For every line below, restate it exactly and drop the images.

● Material provided:
BEGIN

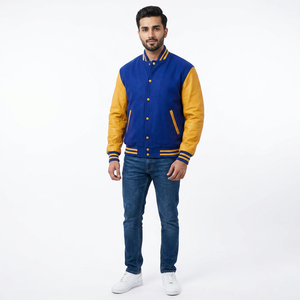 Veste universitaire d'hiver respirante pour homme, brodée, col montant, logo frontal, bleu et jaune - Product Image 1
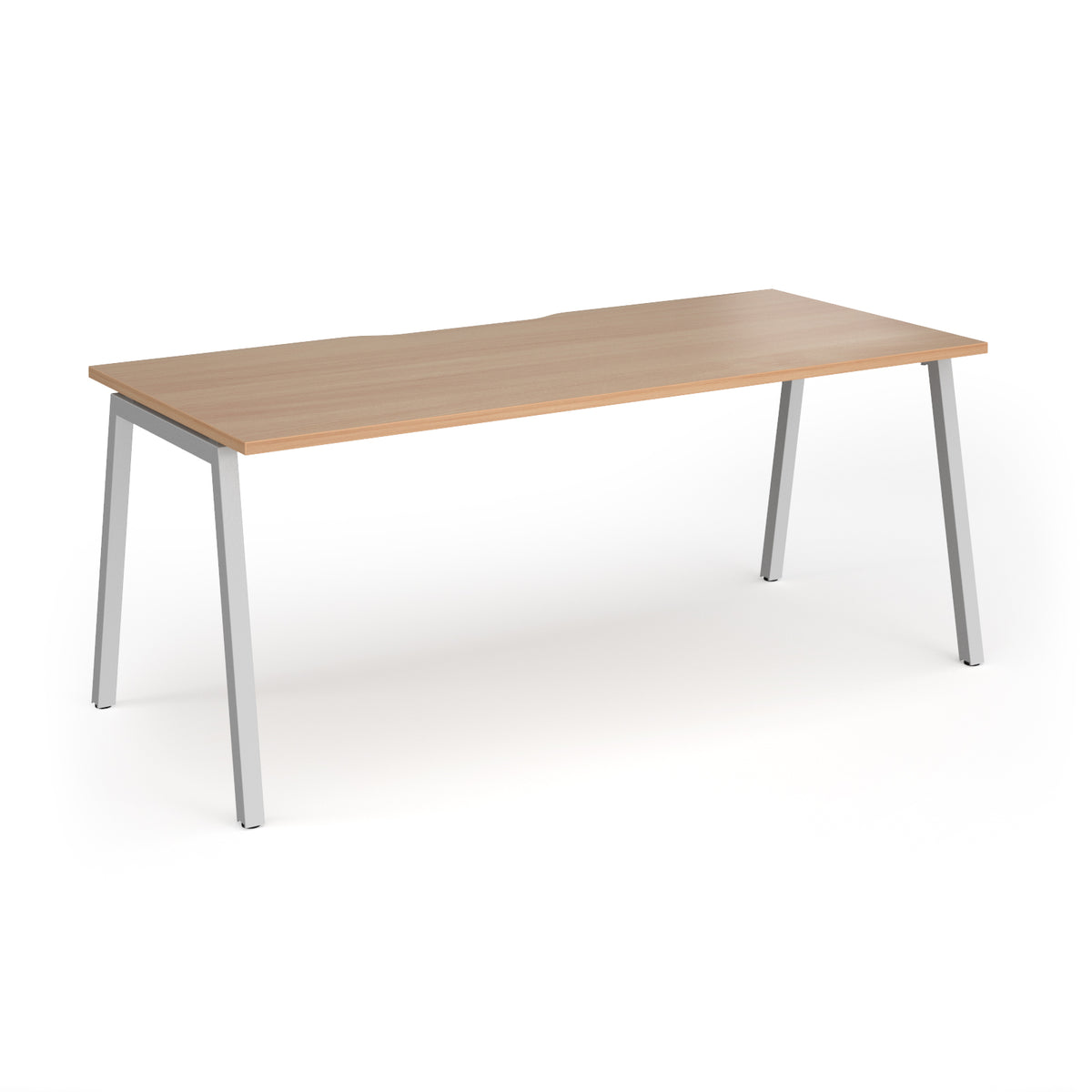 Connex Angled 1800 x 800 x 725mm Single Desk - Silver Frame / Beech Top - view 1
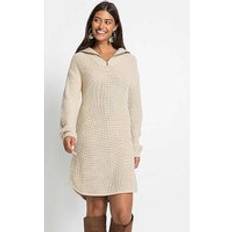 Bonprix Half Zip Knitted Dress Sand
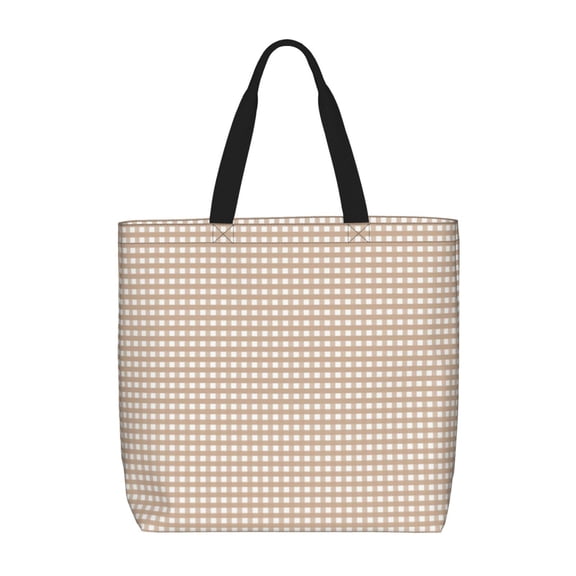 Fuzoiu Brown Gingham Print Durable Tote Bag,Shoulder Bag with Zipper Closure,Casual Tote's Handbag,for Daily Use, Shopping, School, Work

END

● Problem solution:
 Veste universitaire d'hiver respirante pour homme, brodée, col montant, logo frontal, bleu et jaune - Product Image 1
 Connex Angled 1800 x 800 x 725mm Single Desk - Silver Frame / Beech Top - view 1
 Bonprix Half Zip Knitted Dress Sand
 Fuzoiu Brown Gingham Print Durable Tote Bag,Shoulder Bag with Zipper Closure,Casual Tote's Handbag,for Daily Use, Shopping, School, Work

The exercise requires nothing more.